Friday, May 9th, 2008

Quicknotes:

  • Jean-Baptiste Su, goes by JB
  • Blogs at uberpulse.com
  • Started the 3-person French News Agency in 2006 : sells tech and innovation news to European media & gov agencies

On the value of independence

I left traditional media because I wanted to run the show and decide what topics I wanted to cover. The way we choose topics at the Agency: what interests me; what I think people will be interested in; and what my partners want to cover. They’re very autonomous and I trust their judgment.

 

On Internet addiction and hanging out online

I don’t think I qualify as an addict. I hate social networking. And the only reason I have 500+ connections on LinkedIn is because when they started, Reid Hoffman showed me how to import my address book into the system. But I’m online a lot for work, or buying stuff. It has to be directly useful. I don’t experience the Web as a hangout.

 

JB’s top 5

Hulu.com because I can catch shows I wouldn’t otherwise be able to

Google – my favorite search engine

Amazon: I love the price and selection

Craigslist for all my second-hand stuff

The WSJ online: great coverage of American business

 

On influence

I honestly don’t know if I’m an influencer. Sometimes something I write triggers emotional responses: say, if I talk about an Apple product, or Open Source, but I think those are cultish topics. That said I realize influence is critical to what I do: the more connected I am, the better I can do my job. It gives me professional leverage to have that kind of pull. I also see influence as a kind of recognition of what I do.

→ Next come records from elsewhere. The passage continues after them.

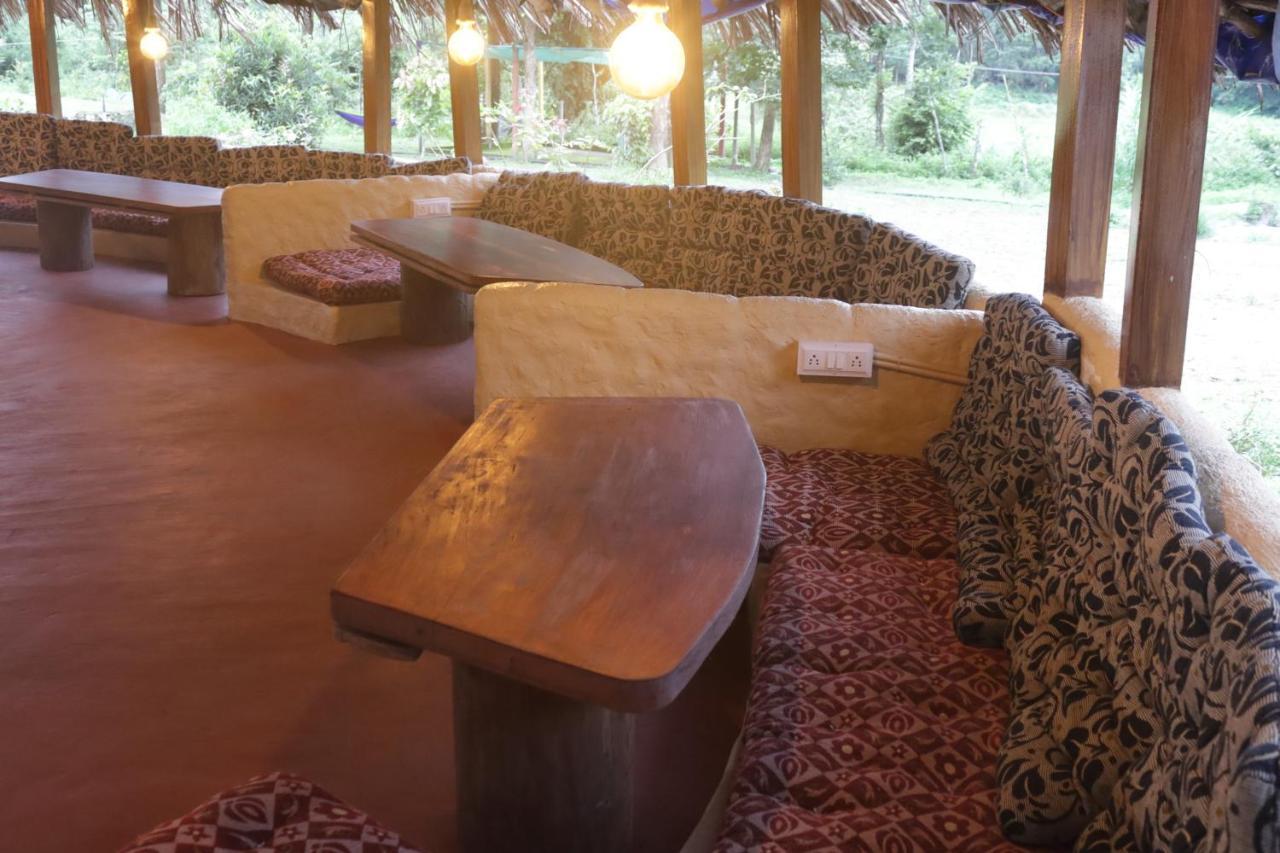 Stoneage Resort Sakleshpur Luaran gambar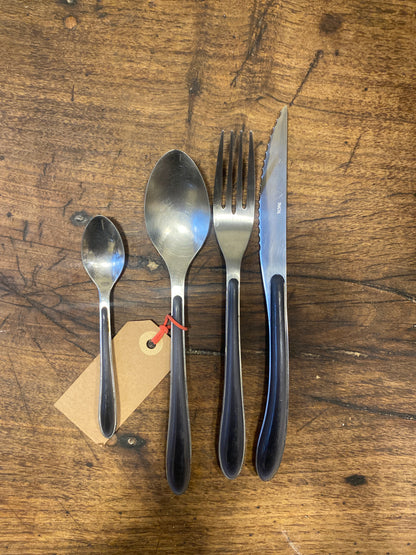 Bistrot cutlery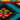 chandail polaire nopé de couleur banquise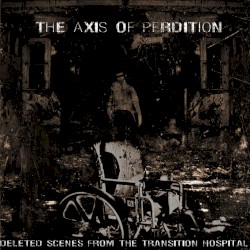 Deleted Scenes From the Transition Hospital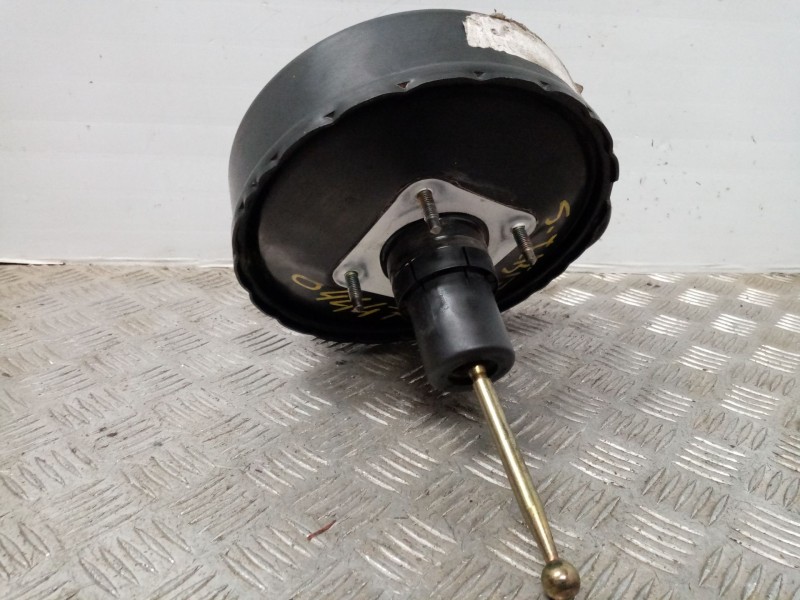 Recambio de servofreno para seat ibiza (6l1) 1.2 referencia OEM IAM 6Q1614105AD  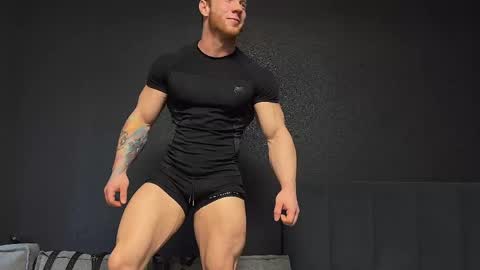 Andy Psy online show from April 6, 6:14 am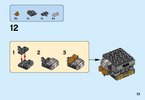 Instrucciones de Construcción - LEGO - 41610 - Tactical Batman™ & Superman™: Page 13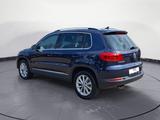 Volkswagen Tiguan Track & Style 2,0 l TDI SCR - Volkswagen Tiguan: Style Track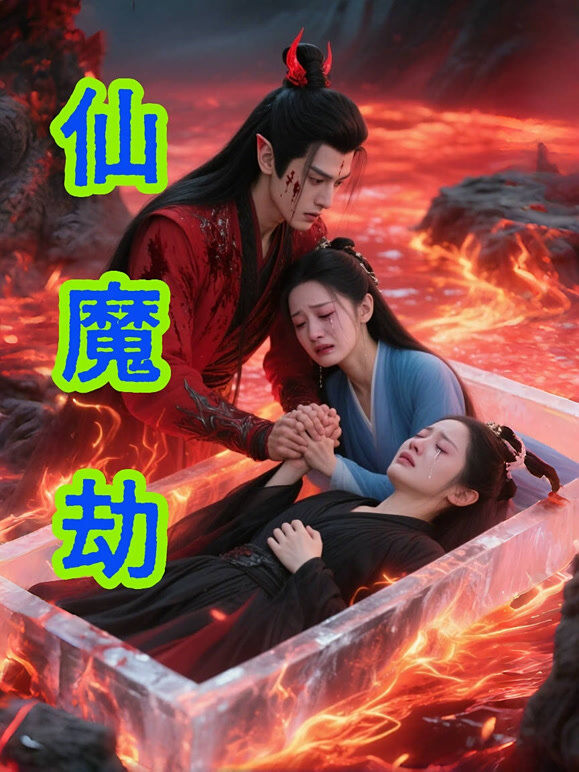 仙魔劫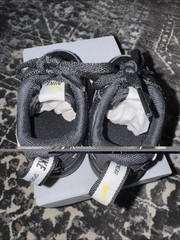 Excellent Condition In Box. 4c Force 1 LV8 Utility TD Black/ White/ Yellow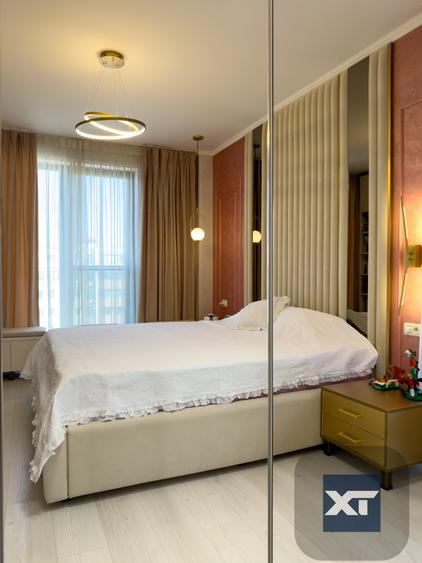 Apartament cu 5 camere decomandat în Tomis Plus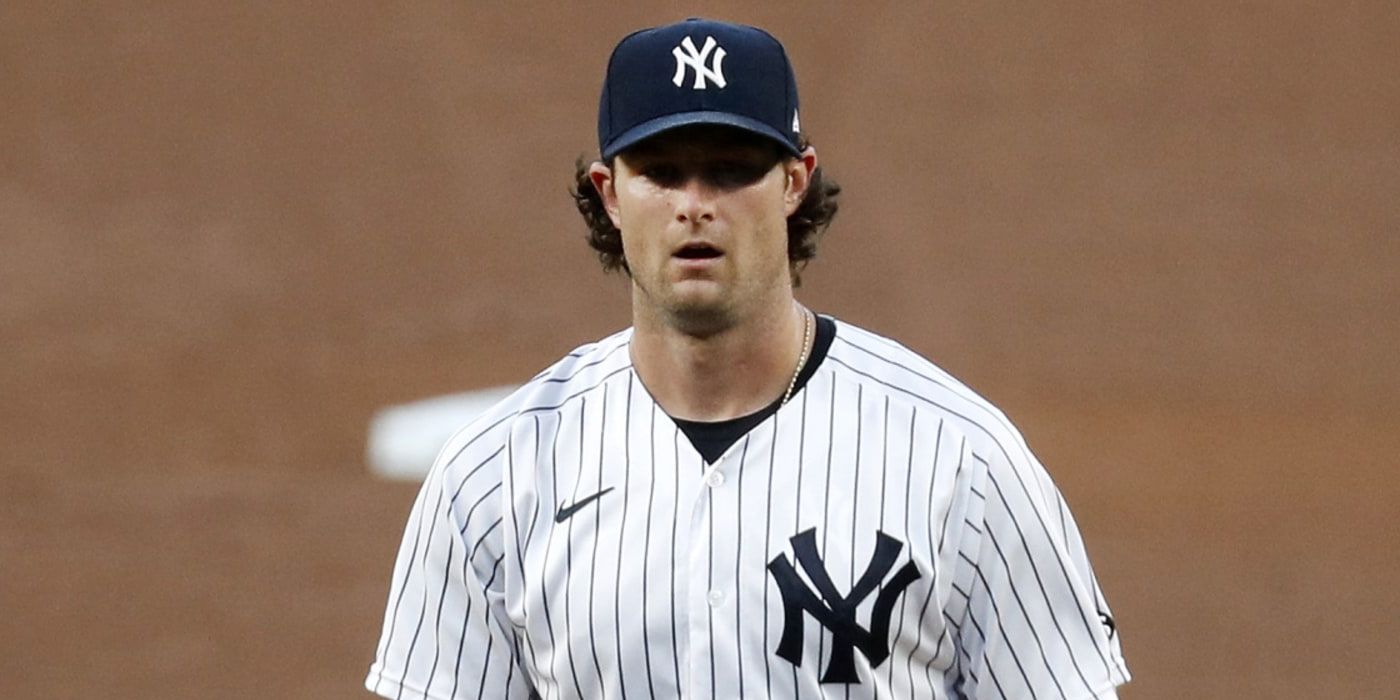 MLB The Show 21 The Best Players On The New York Yankees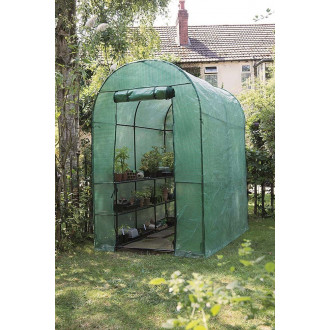 Grande serre potager 197 cm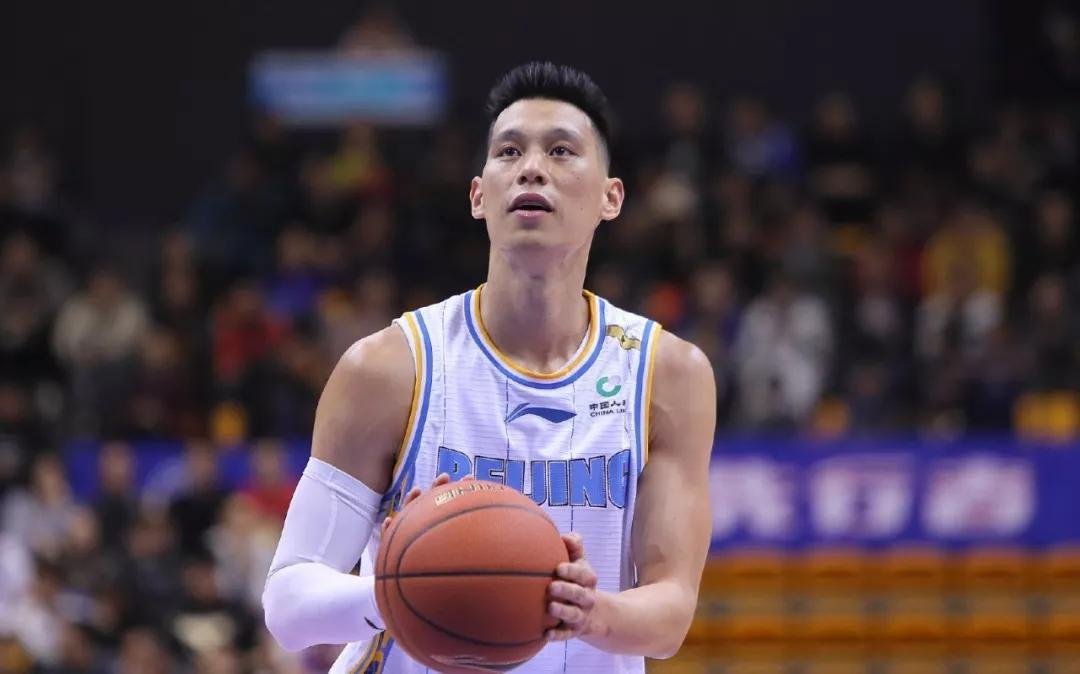 林书豪发长文：不解为何无法重返NBA，你知道原因吗？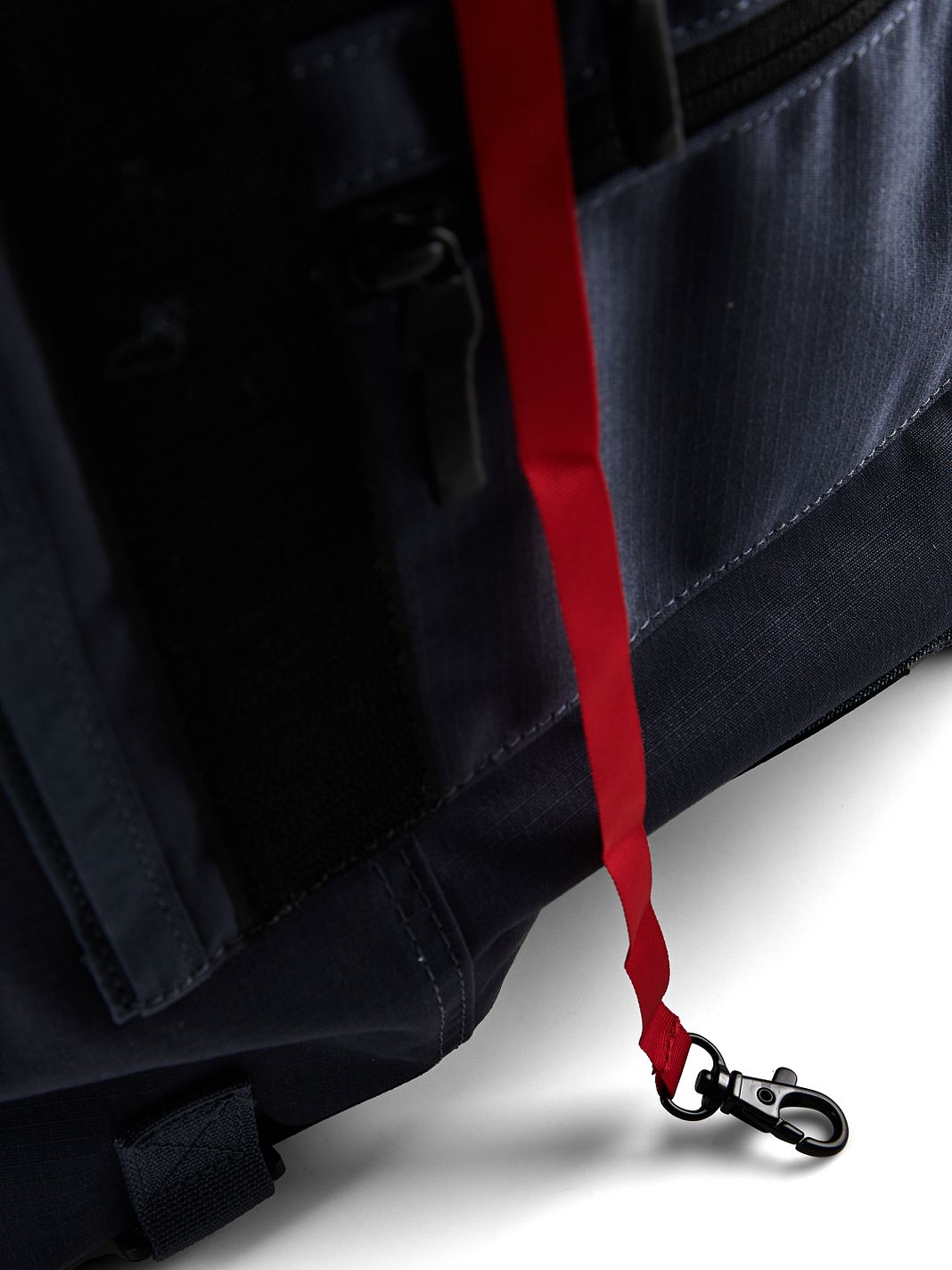 Timbuk2 Flight Classic Messengertaske 40 cm Laptoprum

I do know that some people influence me: charismatic people like Steve Jobs. When I go to one of his presentations, I always end up wanting to buy what he’s selling – but ultimately I’m prompted to action by the usefulness of things. Everyone I talk to wants to influence my decisions or judgment. I try to stay open, and I let common sense and experience do the rest.

 

The next big thing …

Is going to be the return of the written press. There’s too much info online, people are overwhelmed. The press brings order, and is easier to read. If you have to scroll on a screen, it’s no good, which means substantial, in-depth stories go away, or don’t do well online. There’s a very real audience for the written word; for in-depth stories, even among young people. Look at how long those Harry Potter books were! Ok, so maybe I’m fantasizing a little bit, but it is my belief that the press will be coming back.

 

Best and worst online moment

Let’s start with worst. I go to a party with a journalist of the Register. I buy an expensive bottle of wine to share with our hostess. The next day, the guy blogs about this and interprets my purchase as a way to impress and flirt with our hostess. I was married at the time, and ended up being very annoyed. I’d really bought the bottle for the love of the wine, not the woman.

Best? Well, our agency was mentioned by the mother of all agencies; Agence France-Presse on their Web site and in print. I find it ironic and validating.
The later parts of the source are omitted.